Diffuse cutaneous systemic sclerosis (dcSSc) is associated with high mortality resulting from early internal-organ involvement. Clinicians therefore tend to focus on early diagnosis and treatment of potentially life-threatening cardiorespiratory and renal disease. However, the rapidly progressive painful, itchy skin tightening that characterizes dcSSc is the symptom that has the greatest effect on patients' quality of life, and there is currently no effective disease-modifying treatment for it. Considerable advances have been made in predicting the extent and rate of skin-disease progression (which vary between patients), including the development of techniques such as molecular analysis of skin biopsy samples. Risk stratification for progressive skin disease is especially relevant now that haematopoietic stem-cell transplantation is a treatment option, because stratification will inform the balance of risk versus benefit for each patient. Measurement of skin disease is a major challenge. Results from clinical trials have highlighted limitations of the modified Rodnan skin score (the current gold standard). Alternative patient-reported and other potential outcome measures have been and are being developed. Patients with early dcSSc should be referred to specialist centres to ensure best-practice management, including the management of their skin disease, and to maximize opportunities for inclusion in clinical trials.

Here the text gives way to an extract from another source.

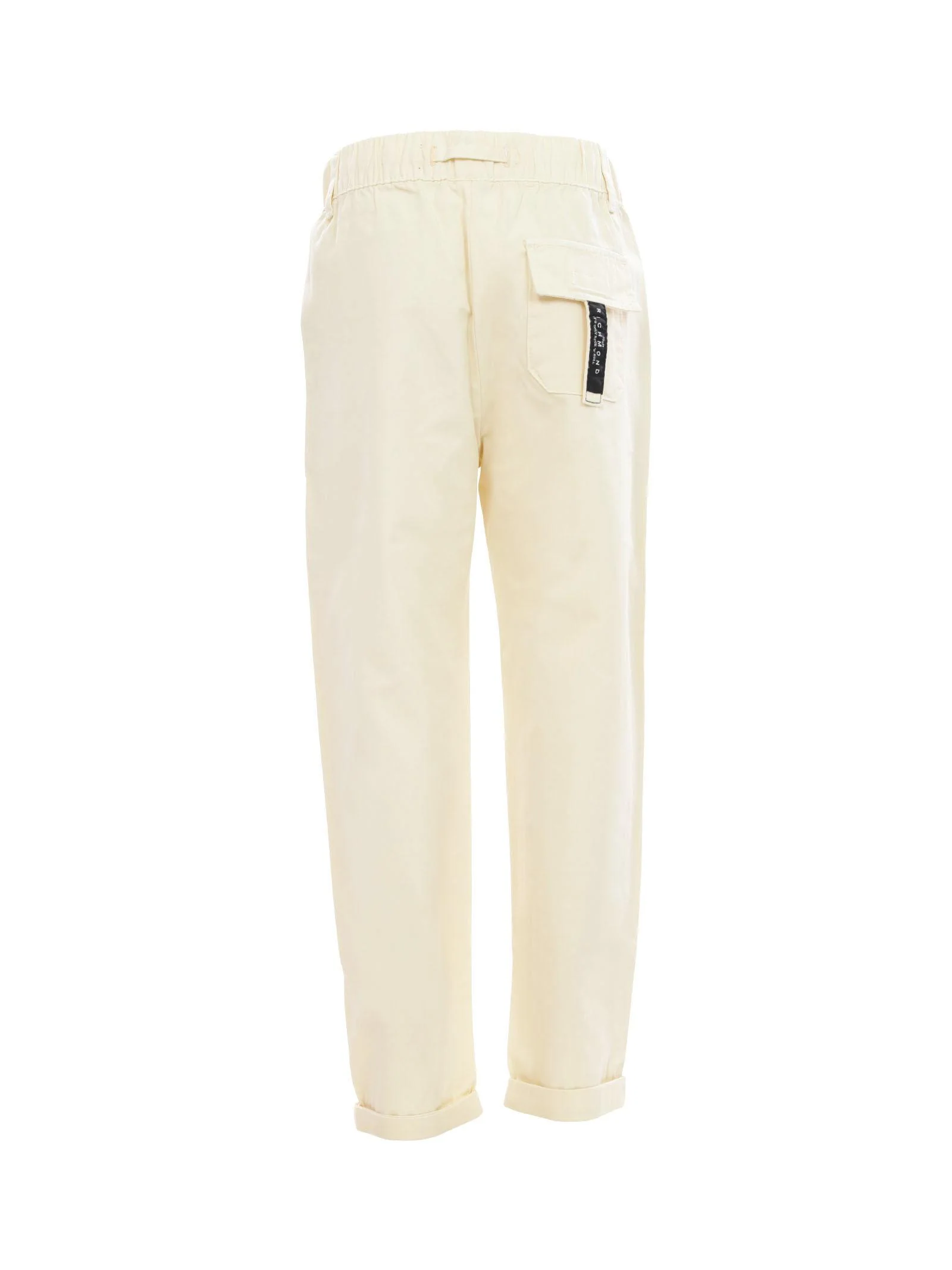 Pantaloni crema con vita elasticizzata e lacci - Image 3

Fig. 1. Skin involvement in diffuse cutaneous systemic sclerosis.

a | Flexion contractures of the fingers in early diffuse cutaneous systemic sclerosis (dcSSc). b | Superficial cutaneous ulceration in early dcSSc. c | Late-stage dcSSc with persisting contracture (note the scar from carpal tunnel decompression, performed soon after the onset of symptoms of dcSSc). Images copyright of Northern Care Alliance NHS Foundation Trust.

Fig. 2. Conceptual framework for skin-score trajectory and clinical diversity in diffuse cutaneous systemic sclerosis.

Although at a group level, cohort studies and clinical trials of systemic sclerosis (SSc) almost always show improvement in average skin score over 1–3 years, this group-level behaviour does not reflect differences in modified Rodnan skin score (mRSS) change over time for individual patients. Operationally, SSc can be differentiated into three subgroups, characterized by high peak mRSS followed by regression, high peak mRSS without disease regression or lower peak mRSS tending to improve over 2–5 years of follow-up. This pattern of subgroups is likely to reflect interplay between the effectors of progression and fibrosis and the counteracting influence of the mechanisms that determine spontaneous regression, which is a hallmark of normal skin wound healing. Molecular and cellular determinants of these processes are likely to interact and to underlie the distinct patterns of skin disease, and might also determine the development and severity of internal-organ complications in SSc. Greater understanding of the biological basis of heterogeneity in skin-score change could facilitate clinical trial design and a more stratified approach to patient care. Notably, in normal skin, wound-healing mediators such as TGFβ regulate both profibrotic mechanisms and processes involved in regression of fibrosis, such as induction of matrix-degrading metalloproteinases. The balance between these processes of activation and regression and the persistence of local mediators of fibrosis might underlie the distinct skin-score trajectories observed for individual patients with SSc^,,.

Fig. 3. Management of skin disease in patients with early diffuse cutaneous systemic sclerosis.

Early recognition and referral to a specialist centre are the first principles of management. Pending specialist review, ‘general measures’ should be initiated. In most patients, immunosuppressant therapy should be prescribed. If at all possible, patients should be offered the opportunity to participate in a clinical trial. For patients who continue to progress, haematopoietic stem-cell transplantation should be considered.